No esperaba nada particularmente especial, eso creí: una comida en un restaurante de comida de mar, risas y charla casual, ponernos al día y felicitar al cumpleañero -él y la mayoría de los asistentes en los treintas-.
Lo que terminó ocurriendo, para mi, fue otra cosa: cada cinco minutos, la conversación se interrumpía por una selfie, una foto del platillo, un video de esto y lo otro, otra selfie pero ahora con el filtro que «afina la cara», una toma del lugar porque «está muy instagrameable», otra foto del grupo, pero esta vez con todos haciendo una seña específica, hay que repetir porque fulano no salió como el quería.
La plática, esa que uno suele imaginar como el alma de cualquier reunión, quedó desmembrada en fragmentos. Todos presentes, pero a la vez ausentes. Una especie de convivencia en pausa constante, intervenida por un ritual moderno: documentarlo todo, aunque no se esté viviendo del todo.
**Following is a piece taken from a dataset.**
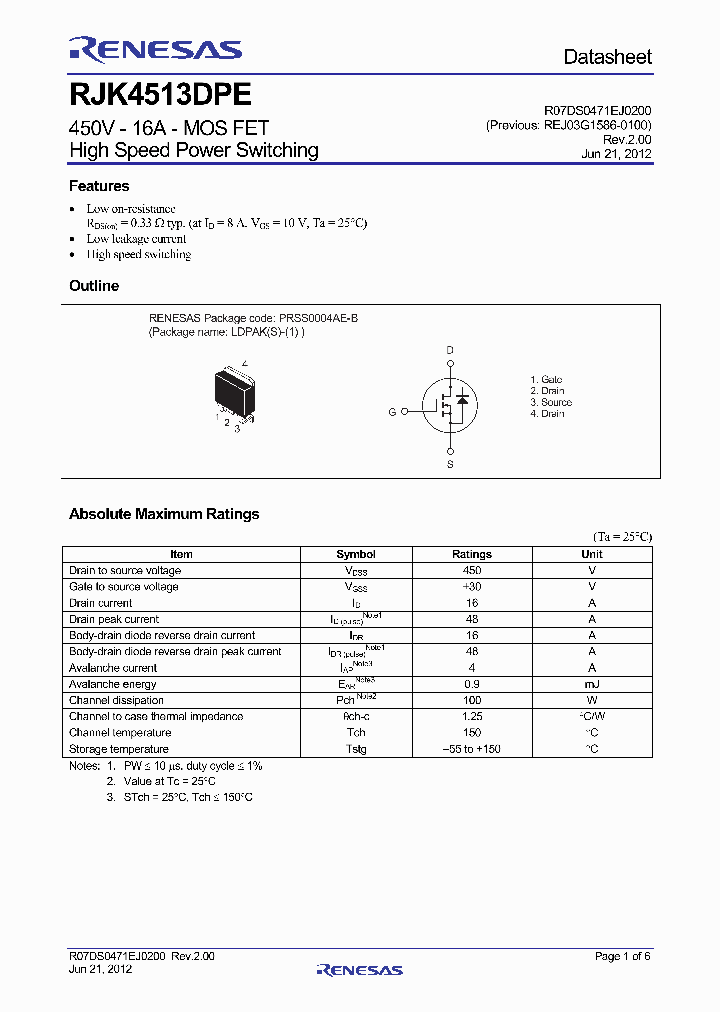 RJK4513DPE_8114968.PDF Datasheet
Lo pensé en ese momento y lo confirmo ahora: estamos siendo víctimas de lo que podría llamarse el “síndrome del influencer”. No hace falta tener miles de seguidores para caer en él. Se trata de una ansiedad creciente por registrar, compartir y posar para una audiencia —real o imaginaria— que parece más importante que las personas que están frente a nosotros. Es como si viviéramos menos para experimentar y más para mostrar supuesta felicidad o riqueza.
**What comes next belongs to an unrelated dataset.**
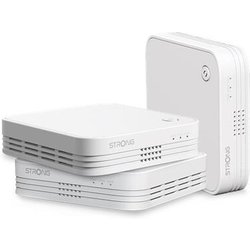 STRONG - 3x Atria WiFi Mesh Trio Pack 1200 - Amplificatore WiFi - Fino a 450 m² di copertura WiFi aggiuntiva - Per tutte le Modem/Router - Dual Band 2,4 GHz + 5 GHz - Ethernet Gigabit - Bianco STRONG - 3x Atria WiFi Mesh Trio Pack 1200 - Amplificatore WiFi - Fino a 450 m² di copertura WiFi aggiuntiva - Per tutte le Modem/Router - Dual Band 2,4 GHz + 5 GHz - Ethernet Gigabit - Bianco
El problema no es la tecnología. Es nuestra relación con ella. Tomar una foto, compartir una historia o subir un recuerdo puede ser un acto divertido, incluso entrañable. Pero cuando eso se convierte en el centro de toda interacción, cuando no se puede tener una comida sin interrumpirla veinte veces para capturarla desde todos los ángulos, cuando una salida se transforma en una producción de contenido… entonces algo se está perdiendo.
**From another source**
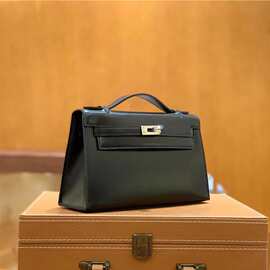纯手工缝制mini凯莉包一代法国原厂box皮凯丽包品牌晚宴手拿女包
Estamos frente a una paradoja: nunca hemos estado tan conectados y comunicados como ahora, y sin embargo, la conexión humana real, la conversación espontánea, la risa sin testigos digitales, se ha vuelto casi un acto anticuado y aburrido.
¿Cuántas veces estamos con alguien que, mientras hablamos, está más pendiente del brillo de su cámara que de lo que estamos diciendo? ¿Cuántos momentos valiosos se disuelven entre filtros, hashtags y algoritmos?
Este síndrome, además, crea un espejismo de validación. Una especie de dopamina efímera basada en los “me gusta” que no necesariamente representan afecto genuino, sino pulsos digitales que refuerzan una idea: existo si me ven. O peor: valgo si me aprueban.
La pregunta que me quedó tras esa reunión es incómoda pero necesaria: ¿estamos compartiendo momentos o simplemente actuando en ellos? Creo que es momento de empezar a mirar más a los ojos que a la cámara.
De rescatar las conversaciones que no necesitan ser grabadas, los silencios que no exigen música de fondo, y las presencias que no requieren prueba fotográfica. A fin de cuentas, lo que más vale se graba en la memoria, aunque no se haga público en busca de likes.